Unless the OS has negotiated CXL _OSC the BIOS owns the event retrieval
and translating it from DPA to HPA. I do want to add OS CXL services to
Linux, but only in the case when the BIOS is actively enabling OS native
address translation which includes populating ACPI0017, CFMWS, and
devices with the HDM decoder capability registers instead of DVSEC range
registers. Everything else is early-gen CXL that is 100% BIOS supported,
similar to DDR where a driver is not expected.
Jonathan Zhang Sept. 8, 2022, 8:36 p.m.

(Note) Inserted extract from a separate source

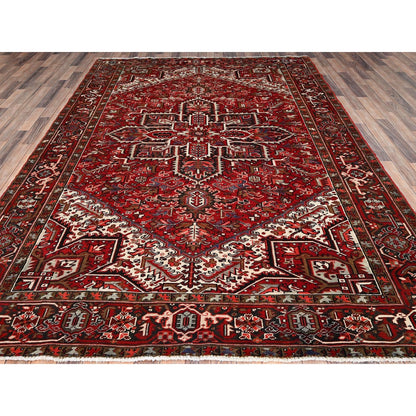 7'9"X10'10" Red Pure Wool Hand Knotted Vintage Zoroastrian Heris Rug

UTC | #7
> On Sep 8, 2022, at 12:51 PM, Dan Williams <dan.j.williams@intel.com> wrote:
> 
> !-------------------------------------------------------------------|
>  This Message Is From an External Sender
> 
> |-------------------------------------------------------------------!
> 
> Jonathan Zhang (Infra) wrote:
>> 
>> 
>>> On Sep 7, 2022, at 10:43 PM, Dan Williams <dan.j.williams@intel.com> wrote:
>>> 
>>> Apologies for the delay in getting to this I had hoped to be able to
>>> finish up some other DAX work to focus on this, but time is getting
>>> short so I will need to do both in parallel.
>>> 
>>> Robert Richter wrote:
>>>> In Restricted CXL Device (RCD) mode (formerly referred to as CXL 1.1)
>>>> the PCIe enumeration hierarchy is different from CXL VH Enumeration
>>>> (formerly referred to as 2.0, for both modes see CXL spec 3.0: 9.11
>>>> and 9.12, [1]). This series adds support for RCD mode. It implements
>>>> the detection of Restricted CXL Hosts (RCHs) and its corresponding
>>>> Restricted CXL Devices (RCDs). It does the necessary enumeration of
>>>> ports and connects the endpoints. With all the plumbing an RCH/RCD
>>>> pair is registered at the Linux CXL bus and becomes visible in sysfs
>>>> in the same way as CXL VH hosts and devices do already. RCDs are
>>>> brought up as CXL endpoints and bound to subsequent drivers such as
>>>> cxl_mem.
>>>> 
>>>> For CXL VH the host driver (cxl_acpi) starts host bridge discovery
>>>> once the ACPI0017 CXL root device is detected and then searches for
>>>> ACPI0016 host bridges to enable CXL. In RCD mode an ACPI0017 device
>>>> might not necessarily exist 
>>> 
>>> That's a broken BIOS as far as I can see. No ACPI0017 == no OS CXL
>>> services and the CXL aspects of the device need to be 100% managed by
>>> the BIOS. You can still run the cxl_pci driver in that case for mailbox
>>> operation, but error handling must be firmware-first without ACPI0017.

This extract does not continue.